Drill

Abstract

Drill is a distributed system for interactive analysis of large-scale datasets, inspired by Google's Dremel.

Proposal

Drill is a distributed system for interactive analysis of large-scale datasets. Drill is similar to Google's Dremel, with the additional flexibility needed to support a broader range of query languages, data formats and data sources. It is designed to efficiently process nested data. It is a design goal to scale to 10,000 servers or more and to be able to process petabyes of data and trillions of records in seconds.

Background

Many organizations have the need to run data-intensive applications, including batch processing, stream processing and interactive analysis. In recent years open source systems have emerged to address the need for scalable batch processing (Apache Hadoop) and stream processing (Storm, Apache S4). In 2010 Google published a paper called "Dremel: Interactive Analysis of Web-Scale Datasets," describing a scalable system used internally for interactive analysis of nested data. No open source project has successfully replicated the capabilities of Dremel.

Rationale

There is a strong need in the market for low-latency interactive analysis of large-scale datasets, including nested data (eg, JSON, Avro, Protocol Buffers). This need was identified by Google and addressed internally with a system called Dremel.

In recent years open source systems have emerged to address the need for scalable batch processing (Apache Hadoop) and stream processing (Storm, Apache S4). Apache Hadoop, originally inspired by Google's internal MapReduce system, is used by thousands of organizations processing large-scale datasets. Apache Hadoop is designed to achieve very high throughput, but is not designed to achieve the sub-second latency needed for interactive data analysis and exploration. Drill, inspired by Google's internal Dremel system, is intended to address this need.

It is worth noting that, as explained by Google in the original paper, Dremel complements MapReduce-based computing. Dremel is not intended as a replacement for MapReduce and is often used in conjunction with it to analyze outputs of MapReduce pipelines or rapidly prototype larger computations. Indeed, Dremel and MapReduce are both used by thousands of Google employees.

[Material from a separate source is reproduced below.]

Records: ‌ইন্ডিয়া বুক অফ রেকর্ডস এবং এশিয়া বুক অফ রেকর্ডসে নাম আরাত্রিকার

Like Dremel, Drill supports a nested data model with data encoded in a number of formats such as JSON, Avro or Protocol Buffers. In many organizations nested data is the standard, so supporting a nested data model eliminates the need to normalize the data. With that said, flat data formats, such as CSV files, are naturally supported as a special case of nested data.

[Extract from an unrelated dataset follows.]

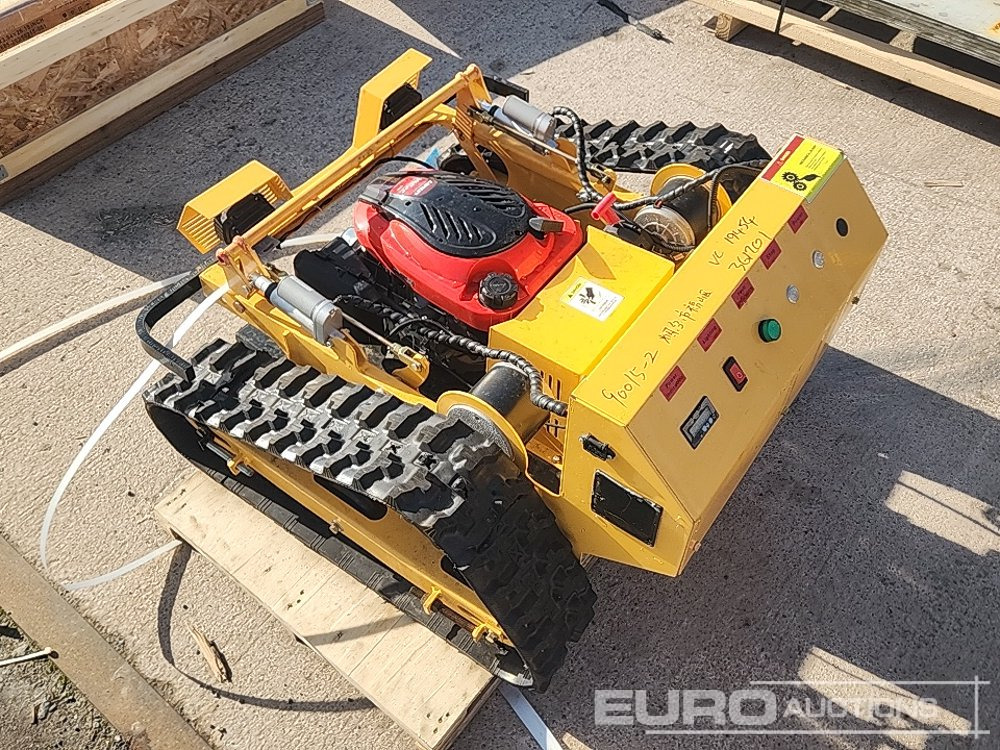 Unused Tracked Remote Control Lawnmower (Remote Control in Office) - Motofaucheuse: photos 4 Unused Tracked Remote Control Lawnmower (Remote Control in Office) - Motofaucheuse: photos 4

The Drill architecture consists of four key components/layers:

It is worth noting that no open source project has successfully replicated the capabilities of Dremel, nor have any taken on the broader goals of flexibility (eg, pluggable query languages, data formats, data sources and execution engine operators/connectors) that are part of Drill.

Initial Goals

The initial goals for this project are to specify the detailed requirements and architecture, and then develop the initial implementation including the execution engine and DrQL. Like Apache Hadoop, which was built to support multiple storage systems (through the FileSystem API) and file formats (through the InputFormat/OutputFormat APIs), Drill will be built to support multiple query languages, data formats and data sources. The initial implementation of Drill will support the DrQL and a column-based format similar to Dremel.

Current Status

Significant work has been completed to identify the initial requirements and define the overall system architecture. The next step is to implement the four components described in the Rationale section, and we intend to do that development as an Apache project.

Meritocracy

We plan to invest in supporting a meritocracy. We will discuss the requirements in an open forum. Several companies have already expressed interest in this project, and we intend to invite additional developers to participate. We will encourage and monitor community participation so that privileges can be extended to those that contribute. Also, Drill has an extensible/pluggable architecture that encourages developers to contribute various extensions, such as query languages, data formats, data sources and execution engine operators and connectors. While some companies will surely develop commercial extensions, we also anticipate that some companies and individuals will want to contribute such extensions back to the project, and we look forward to fostering a rich ecosystem of extensions.

Community

The need for a system for interactive analysis of large datasets in the open source is tremendous, so there is a potential for a very large community. We believe that Drill's extensible architecture will further encourage community participation. Also, related Apache projects (eg, Hadoop) have very large and active communities, and we expect that over time Drill will also attract a large community.

Core Developers

The developers on the initial committers list include experienced distributed systems engineers:

We realize that additional employer diversity is needed, and we will work aggressively to recruit developers from additional companies.

Alignment

The initial committers strongly believe that a system for interactive analysis of large-scale datasets will gain broader adoption as an open source, community driven project, where the community can contribute not only to the core components, but also to a growing collection of query languages and optimizers, data formats, data formats, and execution engine operators and connectors. Drill will integrate closely with Apache Hadoop. First, the data will live in Hadoop. That is, Drill will support Hadoop FileSystem implementations and HBase. Second, Hadoop-related data formats will be supported (eg, Apache Avro, RCFile). Third, MapReduce-based tools will be provided to produce column-based formats. Fourth, Drill tables can be registered in HCatalog. Finally, Hive is being considered as the basis of the DrQL implementation.

Known Risks

Orphaned Products

The contributors are leading vendors in this space, with significant open source experience, so the risk of being orphaned is relatively low. The project could be at risk if vendors decided to change their strategies in the market. In such an event, the current committers plan to continue working on the project on their own time, though the progress will likely be slower. We plan to mitigate this risk by recruiting additional committers.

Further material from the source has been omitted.